[Caption-style text data]
____________________

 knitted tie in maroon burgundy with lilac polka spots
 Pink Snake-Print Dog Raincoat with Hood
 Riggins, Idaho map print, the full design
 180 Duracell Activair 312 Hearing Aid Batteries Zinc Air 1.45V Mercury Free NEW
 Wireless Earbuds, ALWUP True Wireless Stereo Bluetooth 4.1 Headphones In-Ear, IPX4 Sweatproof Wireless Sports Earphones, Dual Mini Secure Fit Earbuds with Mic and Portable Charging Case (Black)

____________________

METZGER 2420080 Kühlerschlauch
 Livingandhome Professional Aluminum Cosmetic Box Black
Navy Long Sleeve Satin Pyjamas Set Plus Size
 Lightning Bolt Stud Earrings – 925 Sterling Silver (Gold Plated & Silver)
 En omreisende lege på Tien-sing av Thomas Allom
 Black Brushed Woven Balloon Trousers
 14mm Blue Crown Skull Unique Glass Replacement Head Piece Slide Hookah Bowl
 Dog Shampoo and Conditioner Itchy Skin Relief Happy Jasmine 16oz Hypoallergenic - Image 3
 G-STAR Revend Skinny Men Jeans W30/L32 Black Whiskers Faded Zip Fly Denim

____________________

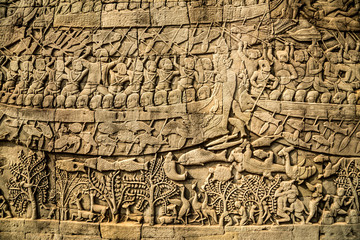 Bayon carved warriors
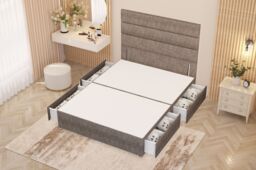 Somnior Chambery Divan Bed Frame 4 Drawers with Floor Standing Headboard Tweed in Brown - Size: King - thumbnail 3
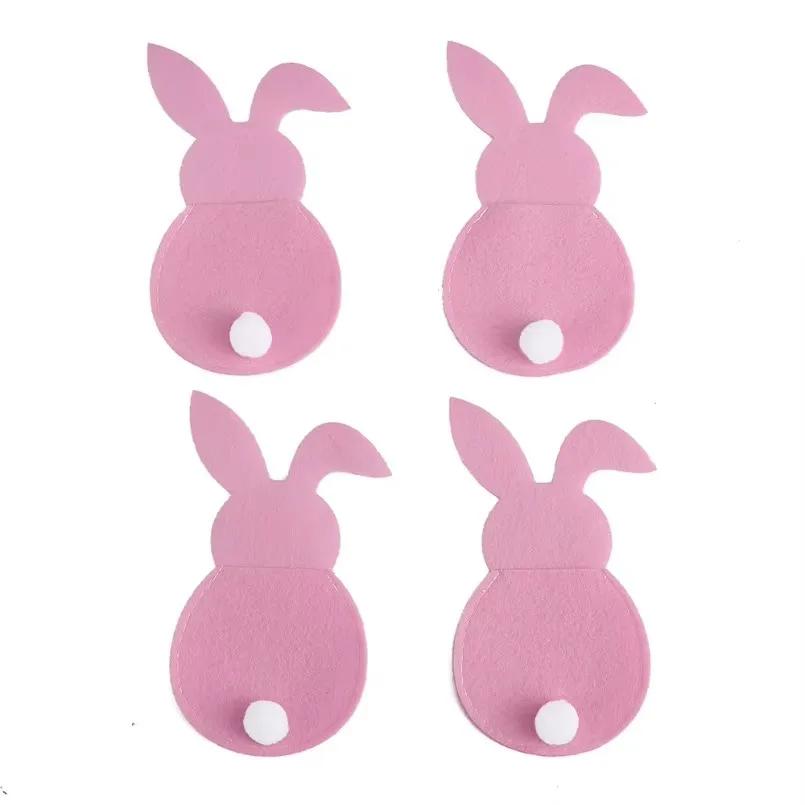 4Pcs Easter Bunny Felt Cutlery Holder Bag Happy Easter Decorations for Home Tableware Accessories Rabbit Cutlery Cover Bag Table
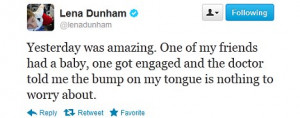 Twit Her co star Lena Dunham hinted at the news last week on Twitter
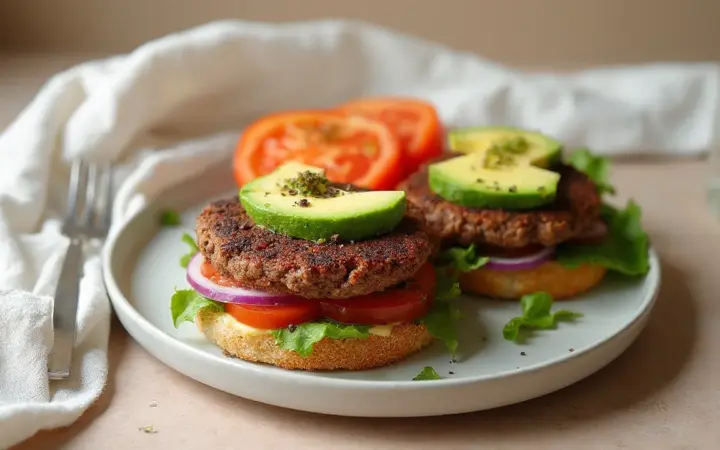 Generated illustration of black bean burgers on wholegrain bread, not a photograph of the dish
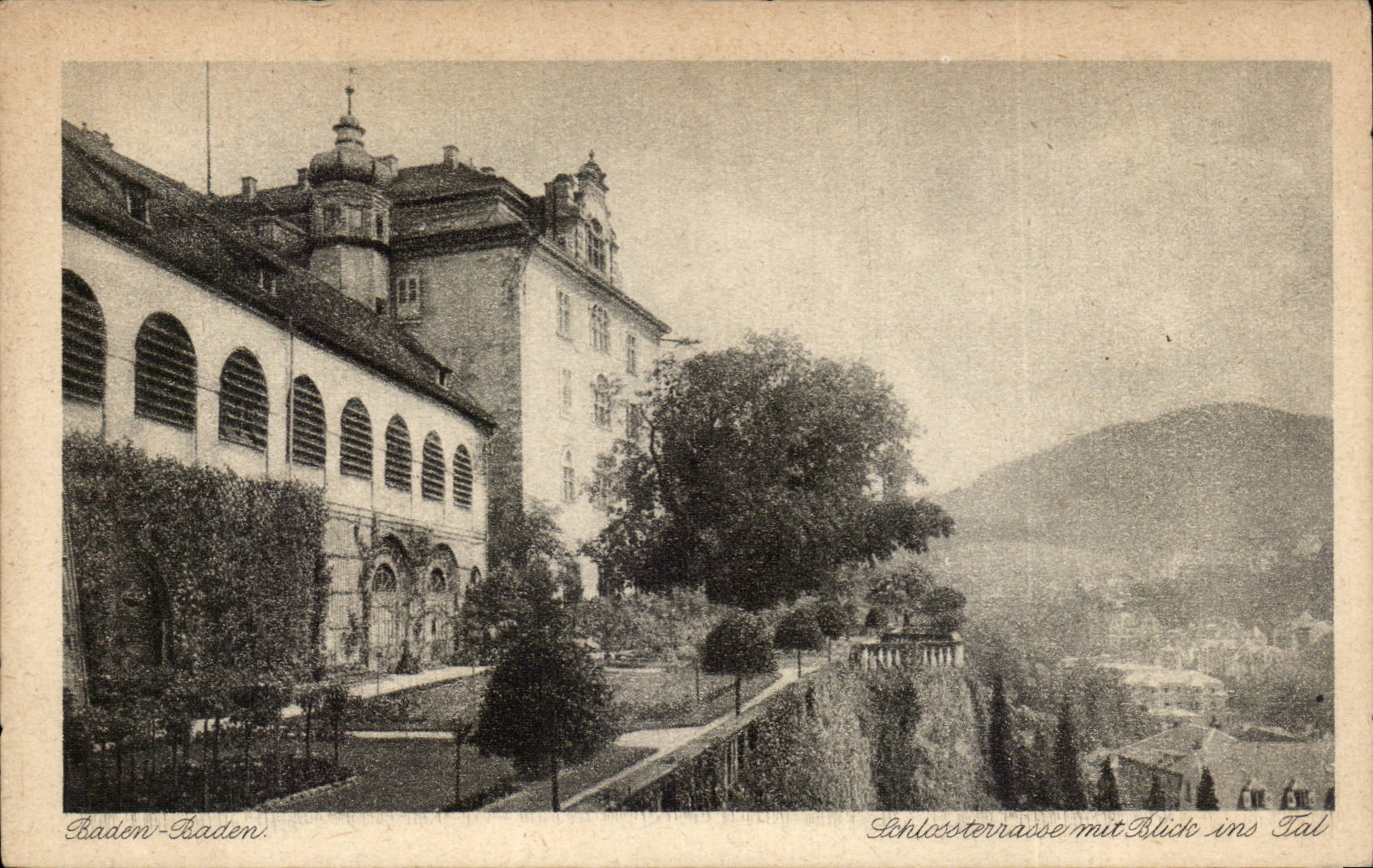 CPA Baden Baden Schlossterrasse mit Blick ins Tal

____________________

[Task prompt] Retype only this portion of the data above: the line containing "knitted tie in", the line containing "180 Duracell Activair", and all lines between them, exactly.

[Solution to the problem]
 knitted tie in maroon burgundy with lilac polka spots
 Pink Snake-Print Dog Raincoat with Hood
 Riggins, Idaho map print, the full design
 180 Duracell Activair 312 Hearing Aid Batteries Zinc Air 1.45V Mercury Free NEW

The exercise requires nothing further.